*** Opening Extracted records ***

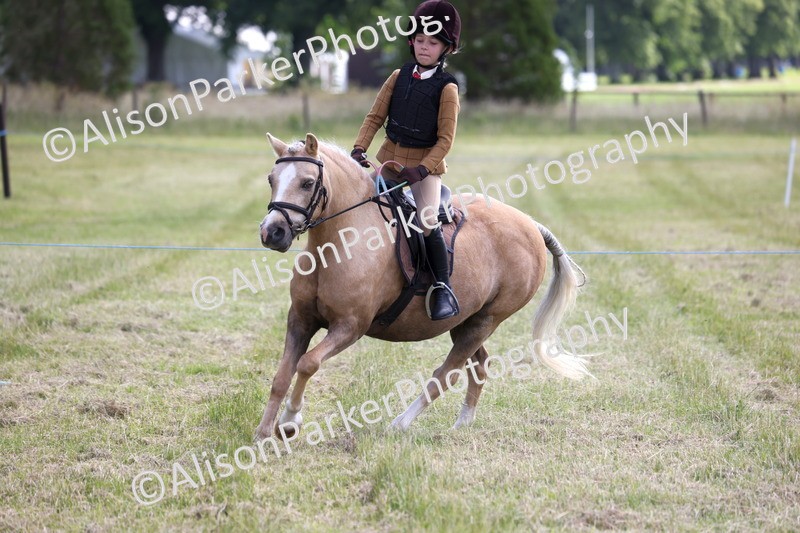 20260614-0463 - Class 20 - Beginners Working Hunter Pony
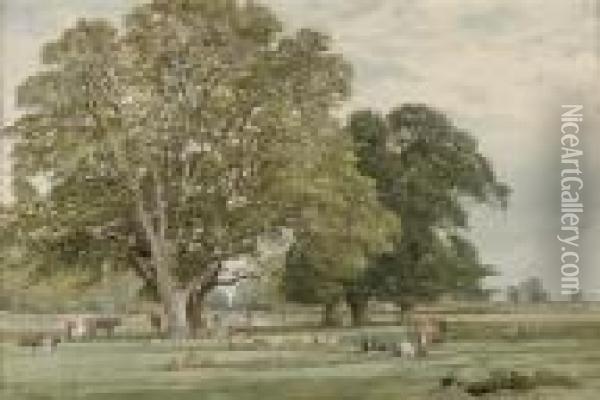 A Summer Stroll Through Parkland Oil Painting - Edward R.W.S Duncan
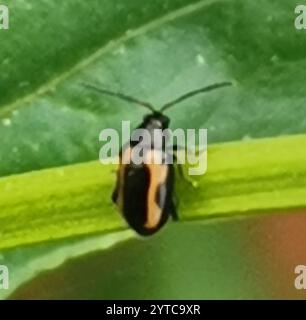 Coléoptère aux puces à rayures (Phyllotreta striolata) Banque D'Images
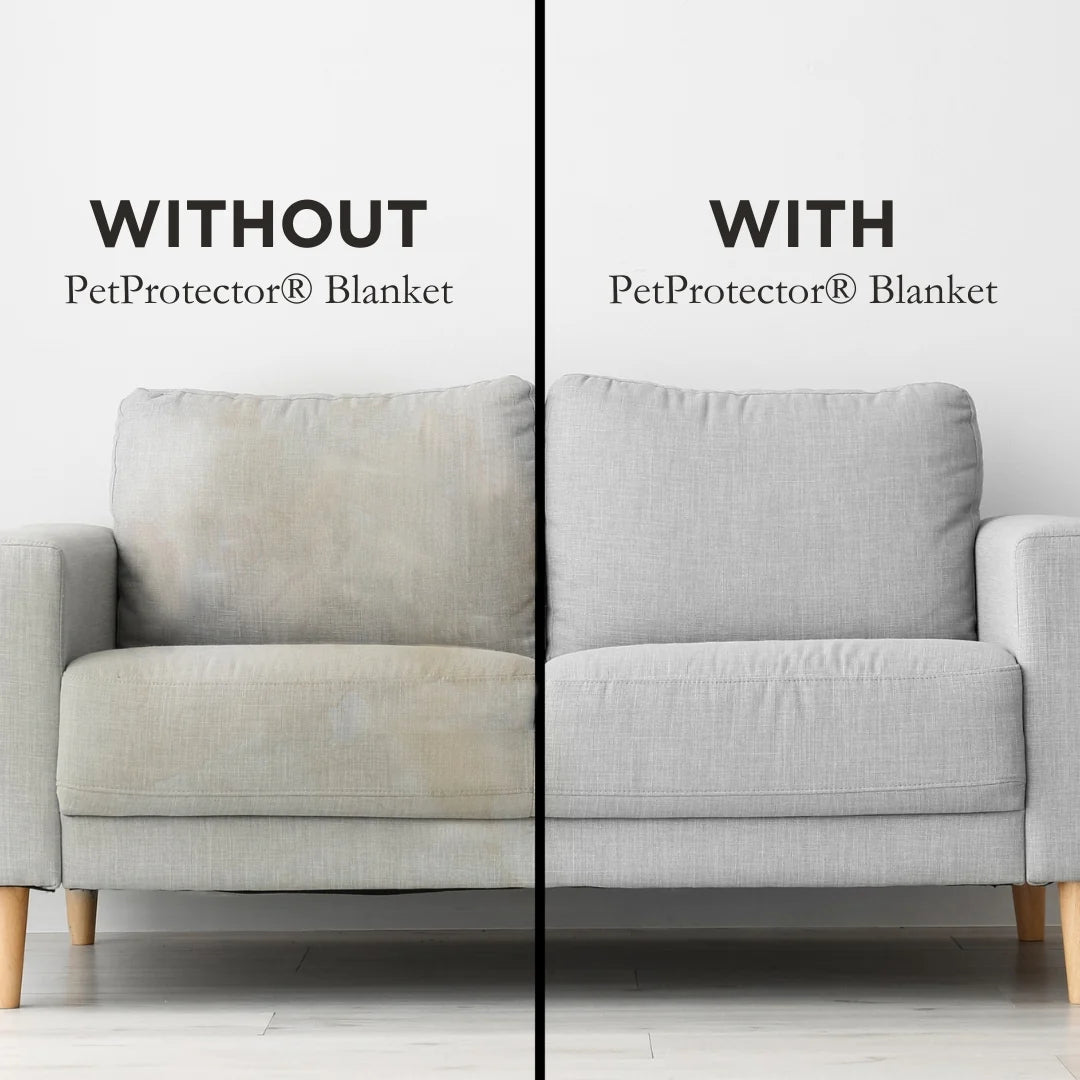 PetProtector Waterproof Blanket - Medium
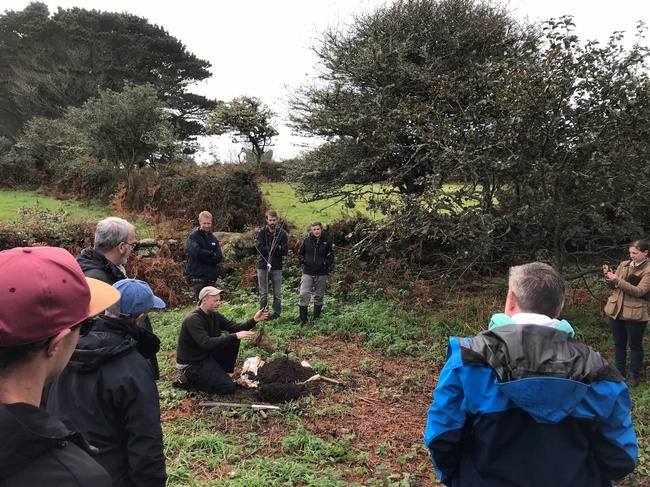 Consultancy and Site Visits 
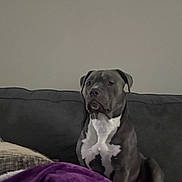 Bruno is registered to the contest to win money with this photo: blanket, canine, companion_animal, couch, cozy, dog, domestic_animal, furniture, gray_dog, home, indoor, pet, portrait, purple_blanket, quiet, relaxed, resting, seated, snack_bowl, white_chest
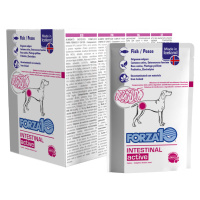 Forza 10 Intestinal Active - 12 x 100 g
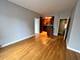 732 W Bittersweet Unit 1207, Chicago, IL 60613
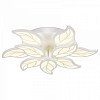 Накладной светильник Ambrella Light FA FA460 100_100_2441909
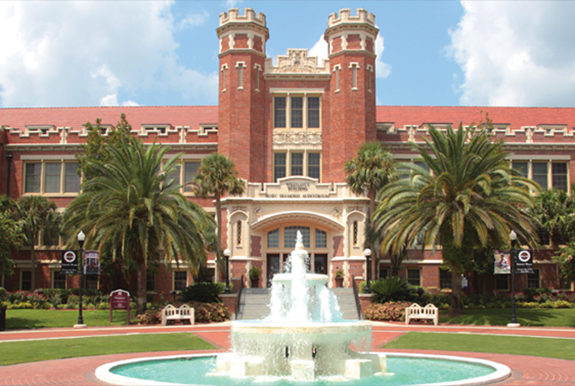 Online MSW Degree Program in California | Florida State University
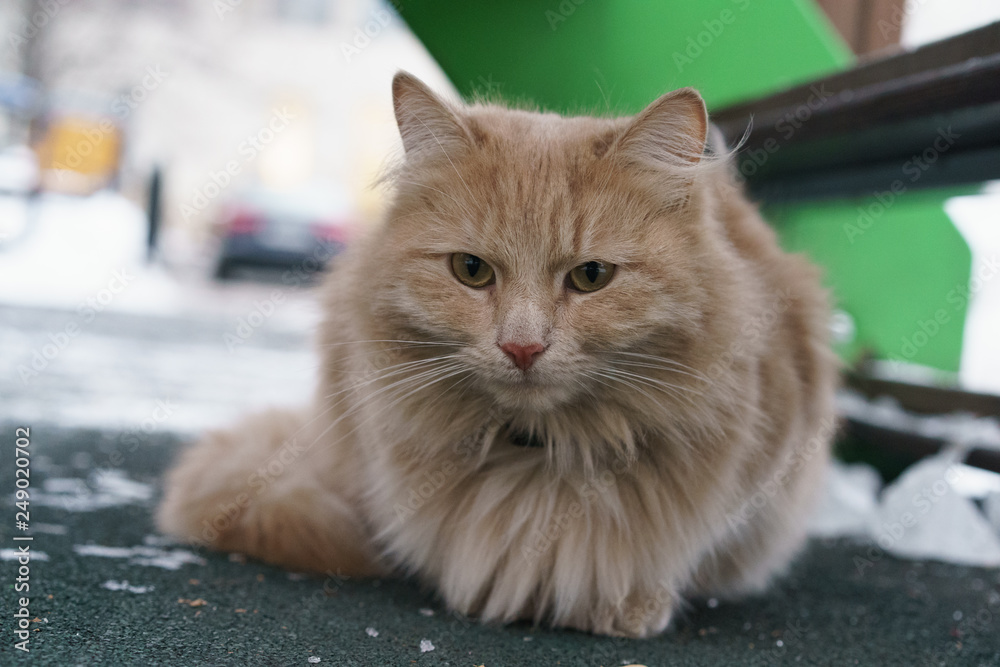 Φωτογραφία Portrait of the red cat at winter time in the city street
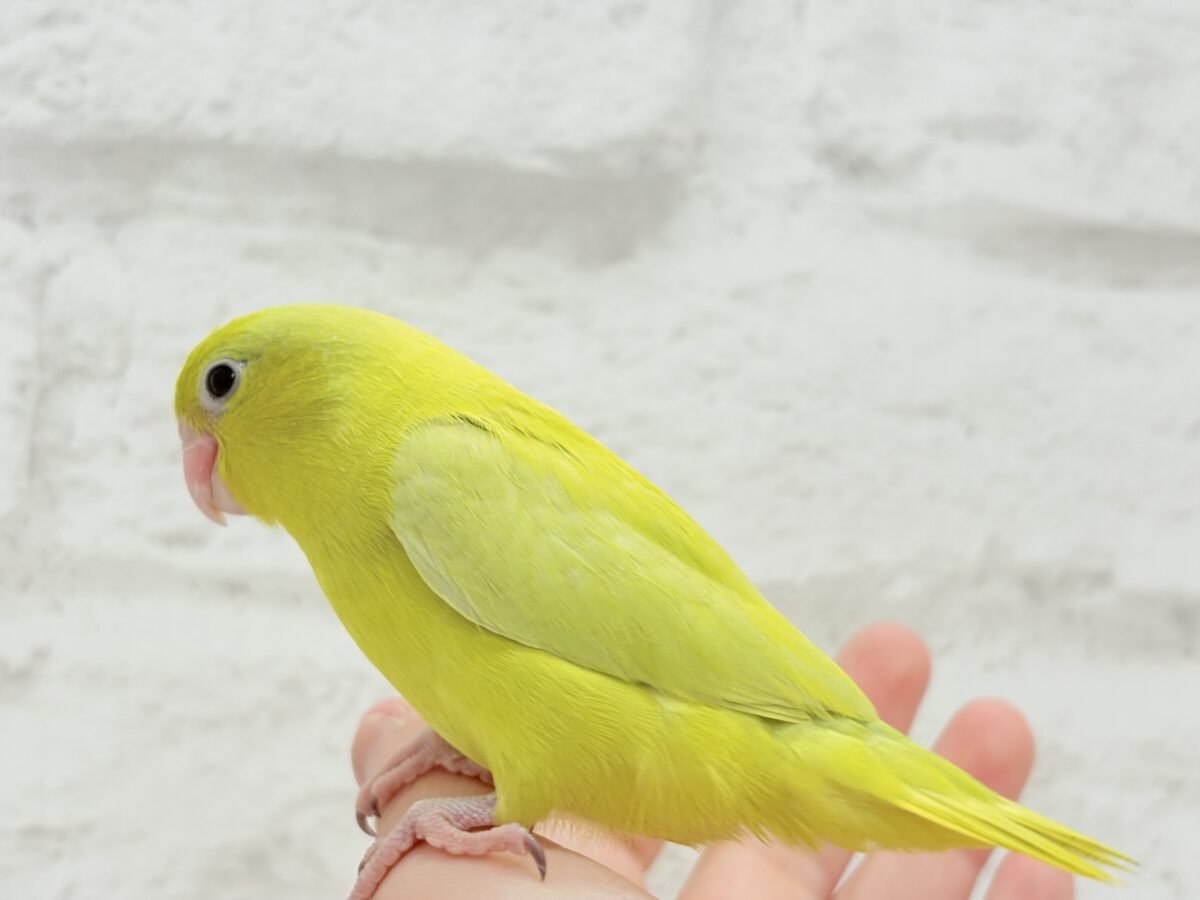 マメルリハ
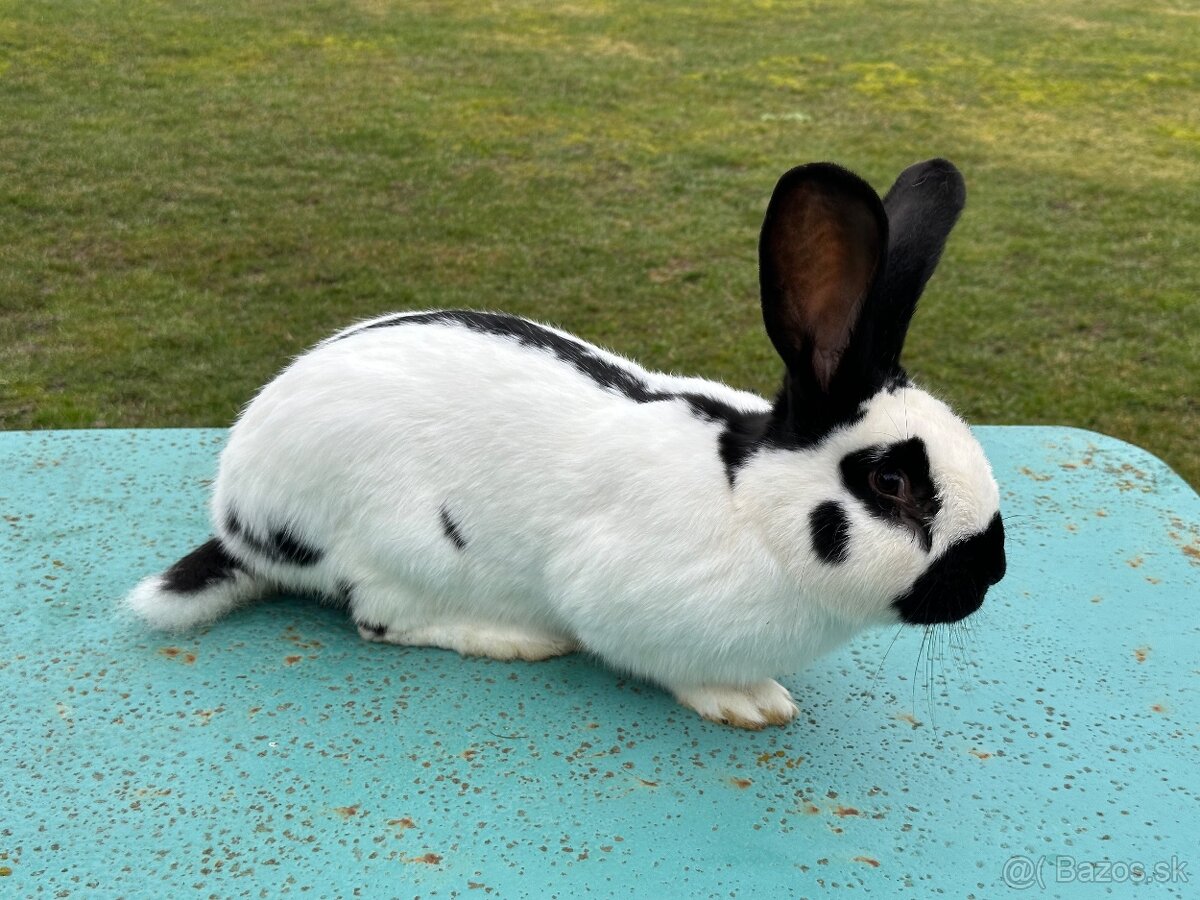 Nemecký strakač - 3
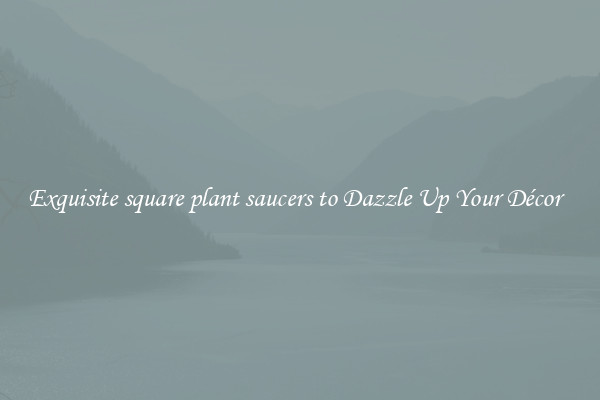 Exquisite square plant saucers to Dazzle Up Your Décor  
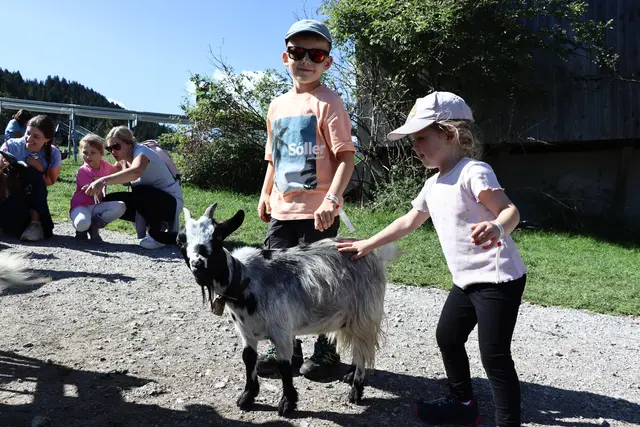 Ziegen zum Anfassen, Füttern und Streicheln.  | Foto: Martina Obertimpfler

*** Closing Extracted records ***

*Problem to work on:* Your task is to set down each line above verbatim while excluding the pictures.

*Task output:*
 20260614-0463 - Class 20 - Beginners Working Hunter Pony
 A Summer Stroll Through Parkland Oil Painting - Edward R.W.S Duncan
 Coléoptère aux puces à rayures (Phyllotreta striolata) Banque D'Images
 PetProtector Waterproof Blanket - Medium
 Consultancy and Site Visits 
 Bruno is registered to the contest to win money with this photo: blanket, canine, companion_animal, couch, cozy, dog, domestic_animal, furniture, gray_dog, home, indoor, pet, portrait, purple_blanket, quiet, relaxed, resting, seated, snack_bowl, white_chest
 Forza 10 Intestinal Active - 12 x 100 g
 732 W Bittersweet Unit 1207, Chicago, IL 60613
 Накладной светильник Ambrella Light FA FA460 100_100_2441909
 Online MSW Degree Program in California | Florida State University
 Φωτογραφία Portrait of the red cat at winter time in the city street
 マメルリハ
 Nemecký strakač - 3
 Exquisite square plant saucers to Dazzle Up Your Décor  
 Ziegen zum Anfassen, Füttern und Streicheln.  | Foto: Martina Obertimpfler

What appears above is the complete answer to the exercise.